As you parents get older, you can’t help but notice that they’re less and less capable of caring for themselves, until you realize that it might be time for you to step in. However, it’s not always easy to know when the right time for that is. Furthermore, you aren’t always sure how to react or what to do in certain situations. Here are three challenges you’ll probably experience when caring for your elderly parents and ways to deal with them.

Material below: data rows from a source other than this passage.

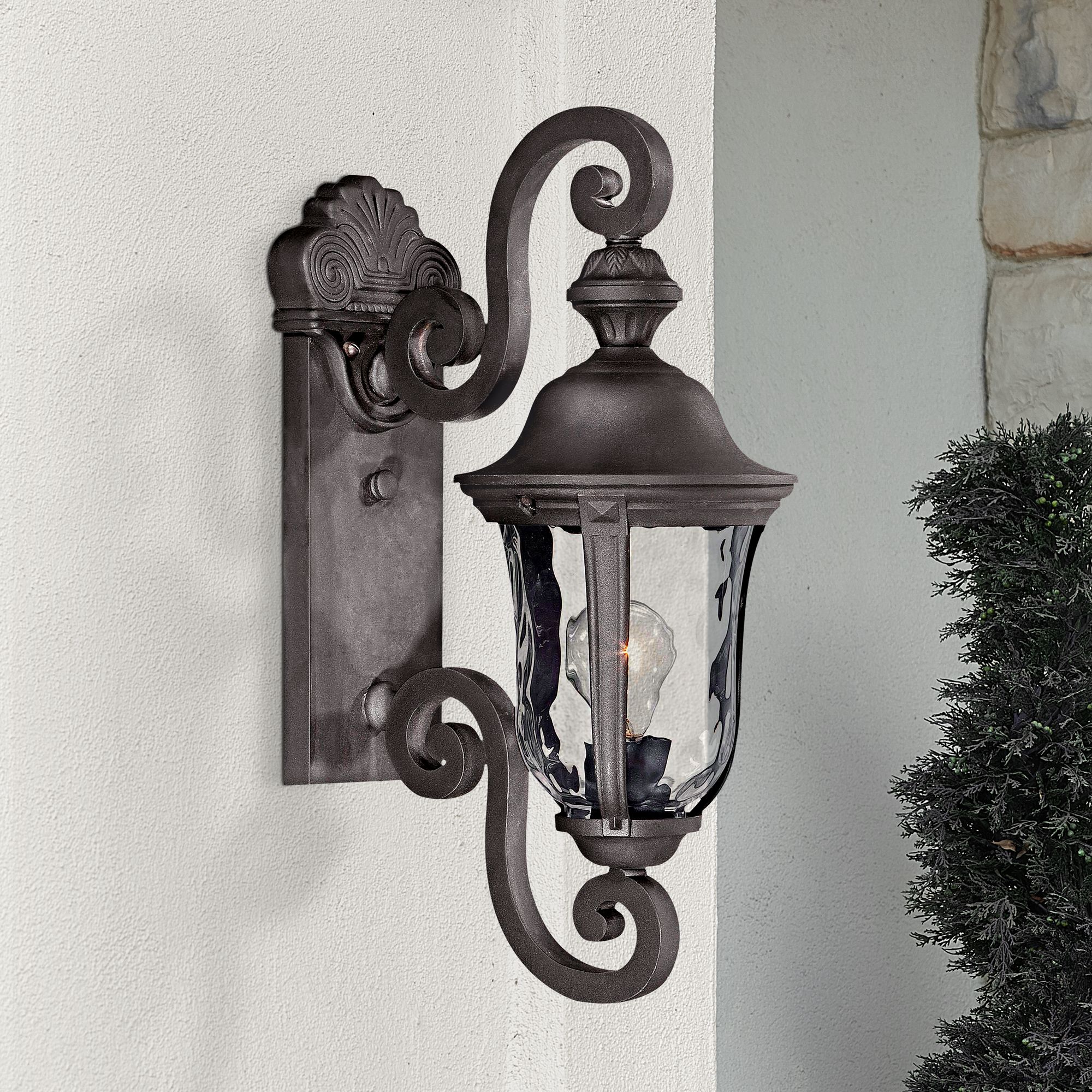 Ardmore 19 3/4" High Black Outdoor Wall Light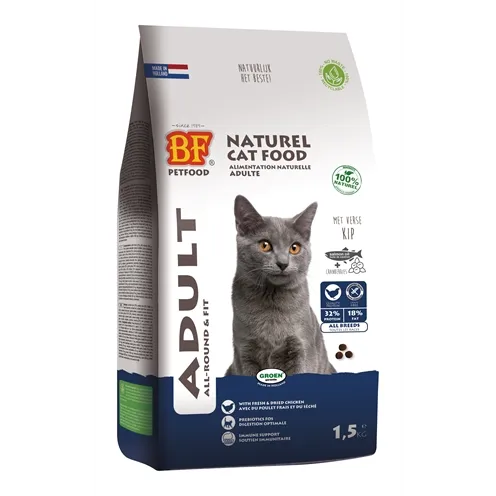 BF PETFOOD PREMIUM QUALITY KAT ADULT FIT 1,5 KG BF PETFOOD PREMIUM QUALITY KAT ADULT FIT 1,5 KG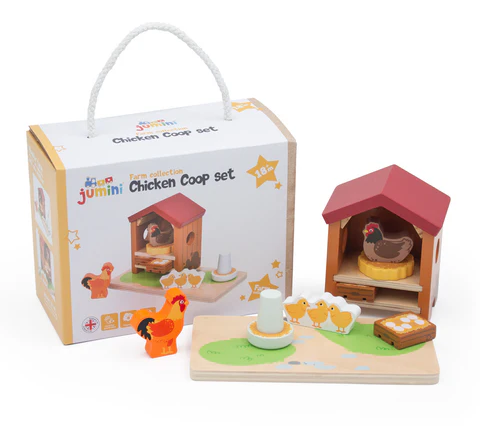 Farm - Chicken Coop Set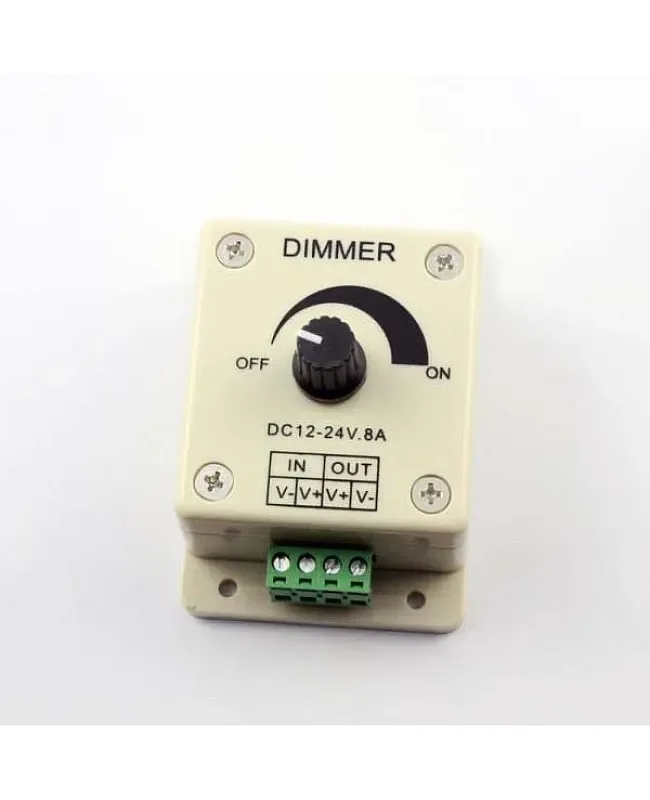 Single Color DC12V 8A 96W LED Strip Dimmer detail 05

Balancing between your parents and your children
Being there to fulfill your children’s needs is something you’re used to by now. However, now you have to juggle between being a parent to your children and a caregiver to your parents. Start with making a schedule that will cover all the children’s activities, as well as your parents’ appointments or social calls. If you all stick to the schedule, you will avoid a huge amount of stress. Do some research and learn if there are any support groups or even financial resources for caregivers in Australia that are available to you. If your parents suffer from dementia, it’s a problem when you have to leave them alone to take your children anywhere, so consider asking your siblings or friends for help, or hire a part-time professional. Also, don’t hesitate to give your children some age-appropriate tasks, since their help can mean a lot to you, and it can help build their sense of responsibility, as well as their empathy. And finally, always find time for some self-care. If you don’t blow off some steam once in a while and if you don’t take good care of yourself, you won’t be at the top of your game, which will reflect on everybody in your household.
Discussing tough issues
There are certain conversations that can be extremely uncomfortable and create a lot of stress, both to you and your parents. For example, if it’s clear to you that your parents aren’t fit to drive any more, but they don’t see it, taking away their keys might insult and hurt them deeply. How do you even suggest that they should start wearing diapers if they refuse to acknowledge it themselves? And is there a way to explain to them that you can’t take care of them on your own? The way you approach these issues is extremely important. You might not reach a solution after just one conversation, but several of them instead. Be gentle and understanding, and try not to force them into anything, but rather work on opening their minds to new options. Do your research and show them only the best of the options you found. If you think your parents need assisted living arrangements, finding an aged care centre can be a good option, where they can choose where and how they want to live and exactly how much help they receive. Communities like these offer a variety of activities for those their age, as well as an opportunity to meet new people and make new friends. Whatever the topic of the conversation is, make sure that they understand that you only have their best interest at heart and you’re doing everything you can to help them.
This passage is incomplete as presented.